So, I’m not convinced that Steve’s proposal is resolving a real issue. Moreover, I think there are further questions about the scheme. The proposal is that everyone is guaranteed a job, this includes the indigenous population. The result of this is that the idea of benefits is abolished. We are all workers and all required to do something productive with our days in return for which we are guaranteed a wage. The Government becomes the employer of last resort so that if we are unable to get work in the private sector, we are offered work by them for whatever they determine to be the minimum wage.
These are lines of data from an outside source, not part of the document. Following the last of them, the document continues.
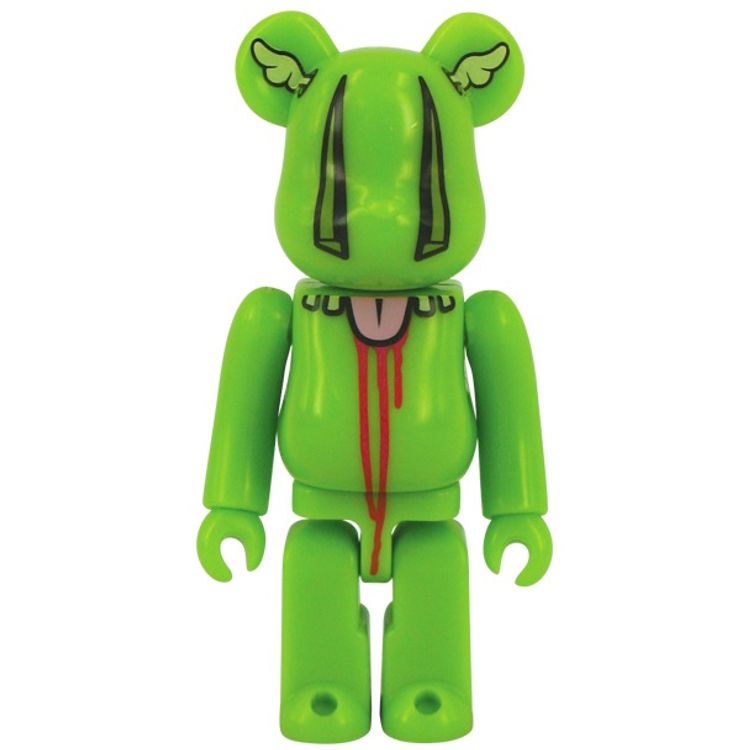 100% D*Face Be@rbrick by D*Face (Dean Stockton)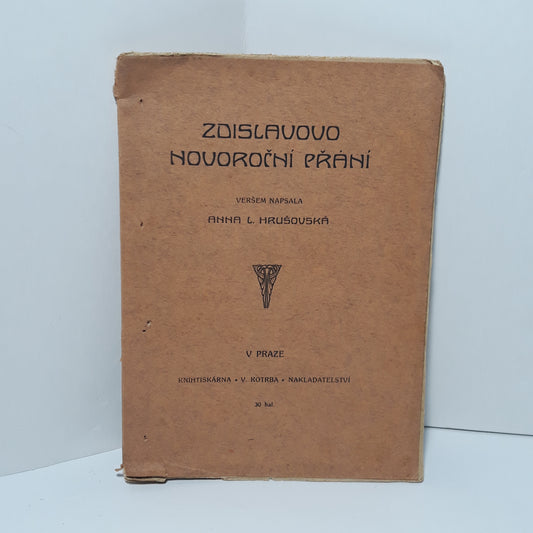 Zdislavovo novoroční přání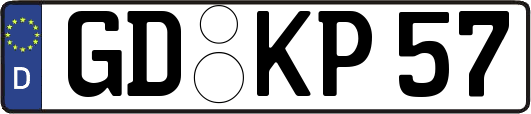 GD-KP57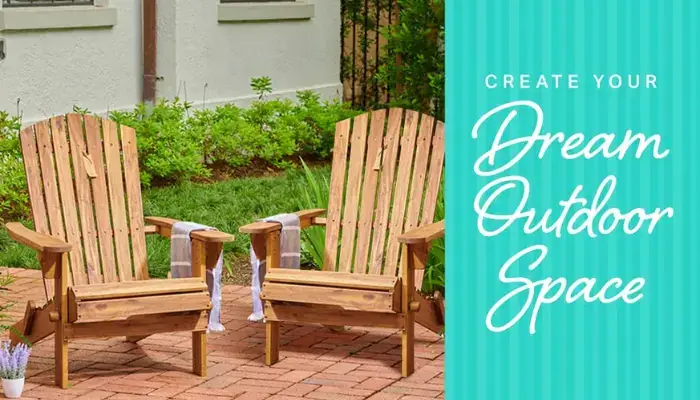 Acacia Wood Adirondack chairs / are Adirondack chairs comfortable?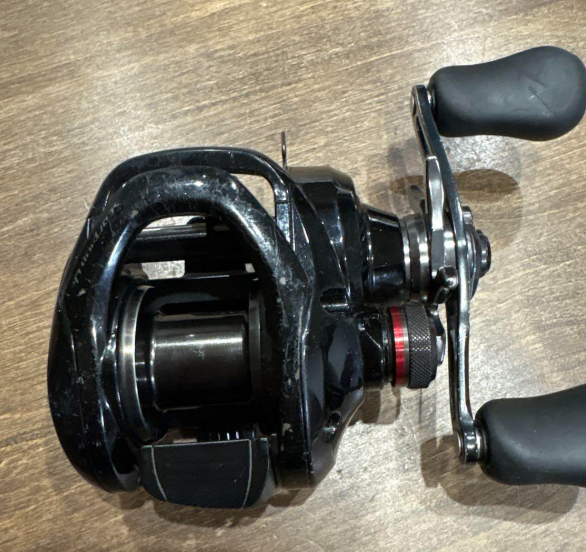Shimano 17 Scorpion DC 100HG Baitcasting Reel from japan114458 | eBay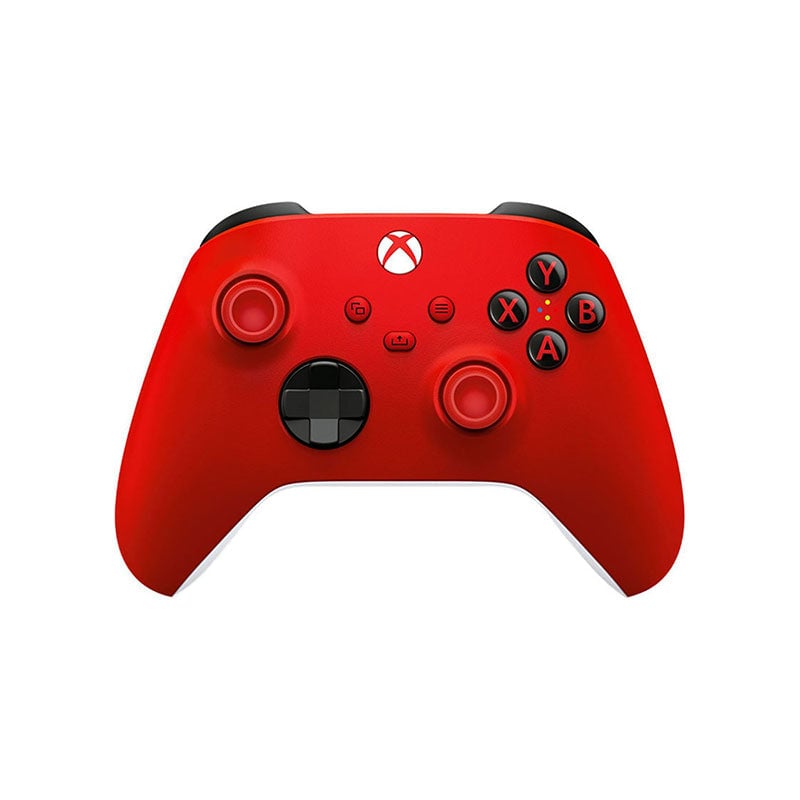 CONTROL INALÁMBRICO MICROSOFT XBOX PULSE SERIE X - ROJO - 1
There are a few issues and questions with this.  The first is that we already know what the Government is willing to pay. It is willing to pay the current going rate for Universal Credit plus the other assorted benefits that still exist.  It isn’t in fact in the Government’s interest as a significant employer to increase the minimum wage and in fact it would be in its interests to take on employees on the lowest level of pay possible to suppress the wage market. Indeed, this seems to go against the idea of moving towards a high wage, high skill market.

In conversation with Steve, I asked what would happen in terms of the Government guaranteeing jobs. Would I in effect work for them but loaned to an employer with the prospect that the Government would pay whatever proportion of my wage that the employer could not?  That’s not far off what happened with the furlough scheme but there workers were paid to not work.  The risk there is that it becomes in the interests of employers to be dependent upon the Government scheme, in effect it is a form of back door subsidy which may lead to inefficiency and the ongoing survival of businesses that are simply not productive or economic.

The other alternative is that the workers are employed by the Government to deliver services for the Government. It is then the Government who are responsible as not just the employer of last resort but also the service provider and potentially owner of last resort.  Now, I guess that if politically your position is socialist leaning then that isn’t too problematic. Whilst not all forms of socialism are statist, there is a strong view within that tradition that the State should step in to employ people and to run industry.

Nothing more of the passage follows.